Lettera ad un amico
Perdona la dimensione pubblica che vorrei dare, se me lo consentirai, alla risposta al tuo delicato e comprensivo commento al mio” Luglio pensoso: in cerca dell’arte e della parola che cura” breve scritto cui tengo in particolare per l’intreccio di amici coinvolti nel dialogo. Siccome in questo periodo ti occupi in modo pregnante del tema che anche a me coinvolge e impegna , cioè la dimensione costitutiva dell’alterità, così mi piacerebbe allargare in un più ampio contesto questo tipo di riflessioni.
Vorrei proporre una risposta che parte da una recente presentazione alla radio di Quaderni di Mosca di Osip Mandel’Štan.

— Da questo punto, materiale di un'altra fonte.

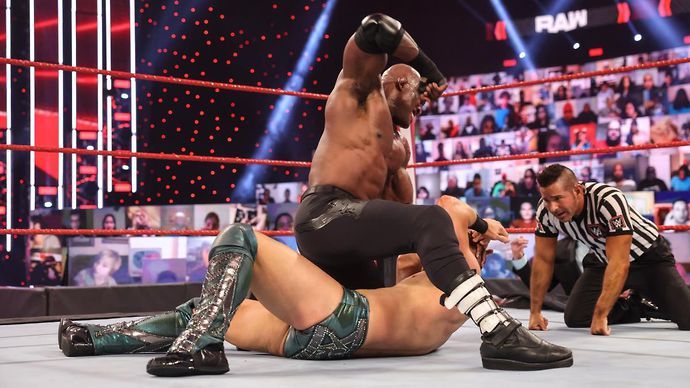 Lashley retained his title on RAW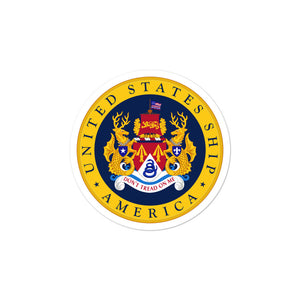 USS America (CVA/CV-66) Ship's Crest Vinyl Sticker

Mi pare che questo grande poeta ,come peraltro Shostakovich in musica , si metta (eroicamente) alla prova per ritrovare uno spazio espressivo, col tentativo di dissodare il tempo storico per arrivare ad una condizione esistenziale ancora fertile, fungibile nella sua patria e con i suoi contemporanei. Tentativo , concretamente peraltro fallimentare, che lo conduce in un vortice terribile dove vivere a Pietroburgo è come “dormire in una bara” e sulla vita a Mosca deve esprimersi così “Ripararmi non posso…dal gazzabuglio di un tempo atroce” a fronte di un progetto che in qualche modo propone usando le sue parole di “Riattrezzare la psiche dei compagni rimasti indietro…” Partendo da un doloroso insight: “la rivoluzione di ottobre mi ha tolto la mia biografia” Mandel’Štan si adopera appunto per dissodare il tempo storico confrontandosi con la sua poesia , assolutamente inattuale , che lo stigmatizza e si sente profondamente solo perché per lui il dialogo è essenziale come la consapevolezza che gli altri sono fonte di vita , di ispirazione, di possibilità e di conoscenza , se pure nel tragico e orribile contesto storico dove si è trovato a vivere e morire di inedia mentre “il montanaro del Cremlino” otteneva, scrive Mandel’ Ŝtan, “i favori dei mezzi uomini che lo circondano” e di cui ,possiamo aggiungere, si deve contentare a causa del terrore che procurava a Stalin la libertà e la vita in genere come anche lo spaventavano gli ingegneri dell’anima , così chiamava (in momenti più tranquilli) gli scrittori.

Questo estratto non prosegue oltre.